W piątek około południa ratownicy legionowskiego WOPR otrzymali zgłoszenie o chłopaku, który po skoku na główkę uszkodził sobie kręgosłup. Do zdarzenia doszło nad Zalewem Zegrzyńskim, obok dzikiej plaży w Nieporęcie.
Jak mówi Izabela Solińska z legionowskiego WOPR, chłopak miał zaledwie 16 lat. - Skoczył na główkę z materaca do pływania. Nie ocenił, czy jest wystarczająco głęboko - mówi Solińska.
Jak dodaje, chłopaka z wody wyciągnęli obecni na kąpielisku ludzie. - Skoczyłem za nim z kolegą - opowiada pan Grzegorz. Jak dodaje, chłopak nie przebywał z rodzicami. - Stało się. Ważne, że chłopak żyje - mówi. To on również zadzwonił na pogotowie, bo, jak mówi, nikt z obecnych nad wodą osób nawet nie sięgnął po telefon. - Nie zdawali sobie sprawy z tego, co się stało. Myśleli, że chłopak żartuje - opowiada.

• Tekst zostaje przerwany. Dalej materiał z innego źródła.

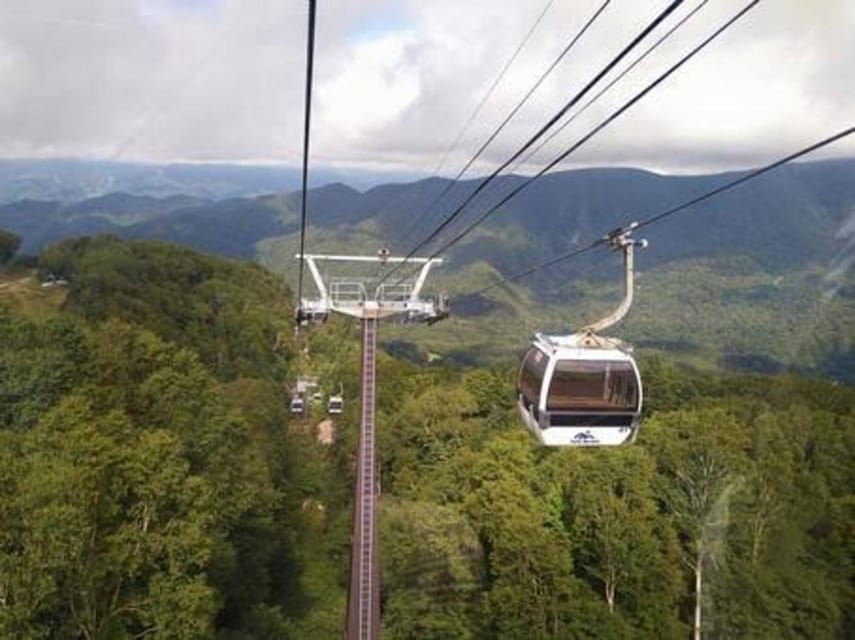 From Tokyo: Nikko luxury Tour with English-speaking Guide - How This Tokyo to Nikko Day Trip Really Works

Na miejsce jak najszybciej przybyło Państwowe Ratownictwo Medyczne i załoga z WOPR-u. - Gdy przybyliśmy, chłopak był przytomny, ale miał ograniczone czucie w kończynach, nie poruszał nimi - informuje Solińska.
- Po udzieleniu pierwszej pomocy karetka wodna przetransportowała go do naszej bazy, skąd śmigłowcem LPR zabrano chłopaka do szpitala - dodaje.

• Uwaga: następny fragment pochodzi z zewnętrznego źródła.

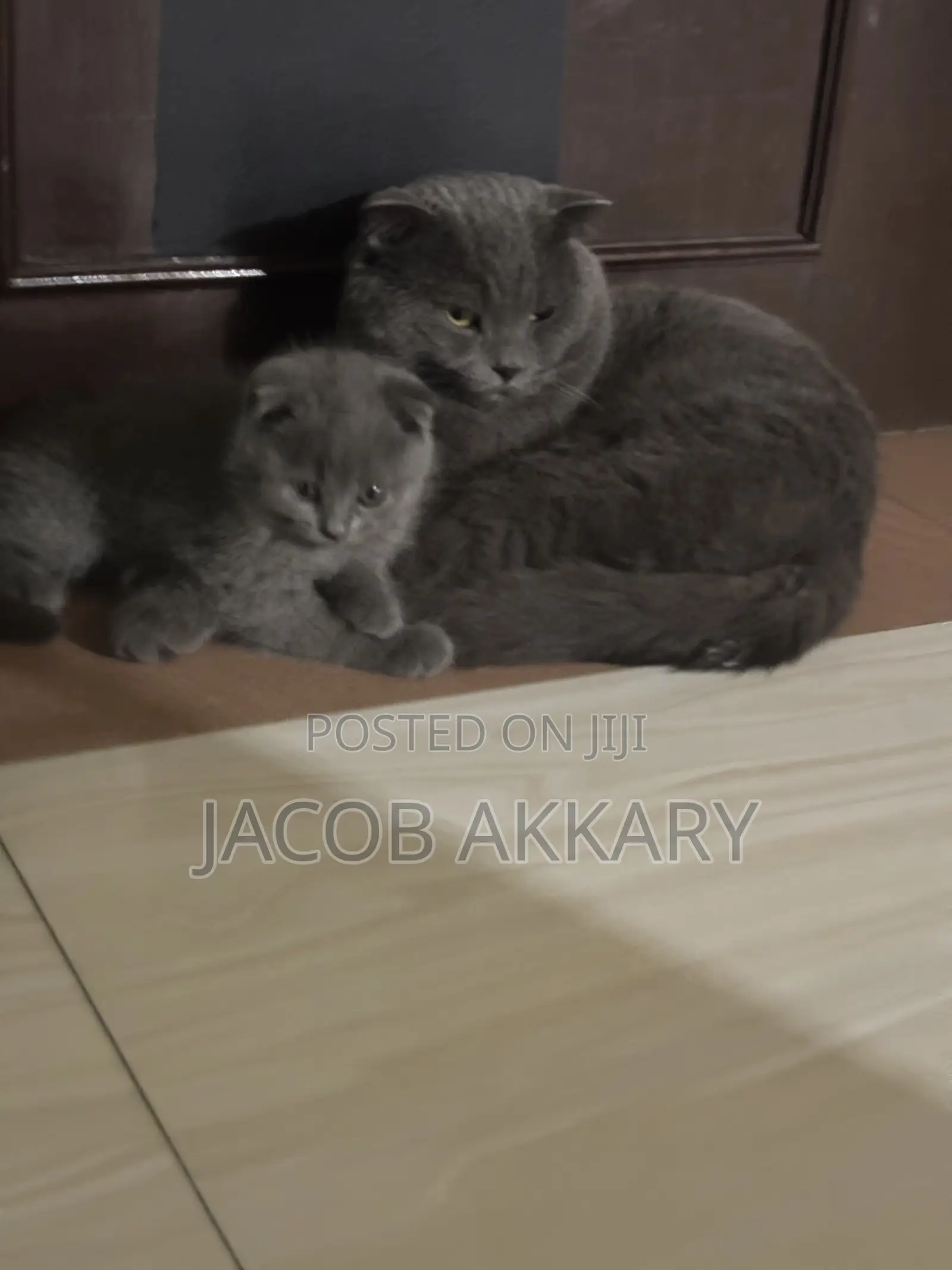 1+ year Male Purebred Scottish Fold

Jak wyjaśnia Solińska, miejsce, gdzie kąpał się 16-latek, było niestrzeżone, dopiero od połowy czerwca będzie tam obecny ratownik. - Ale pogoda sprzyja, ludzie już przychodzą się kąpać - dodaje Solińska.
Ratowniczka przestrzega, aby dokładnie badać dno i nie skakać, zwłaszcza na główkę w miejscach, których się nie zna.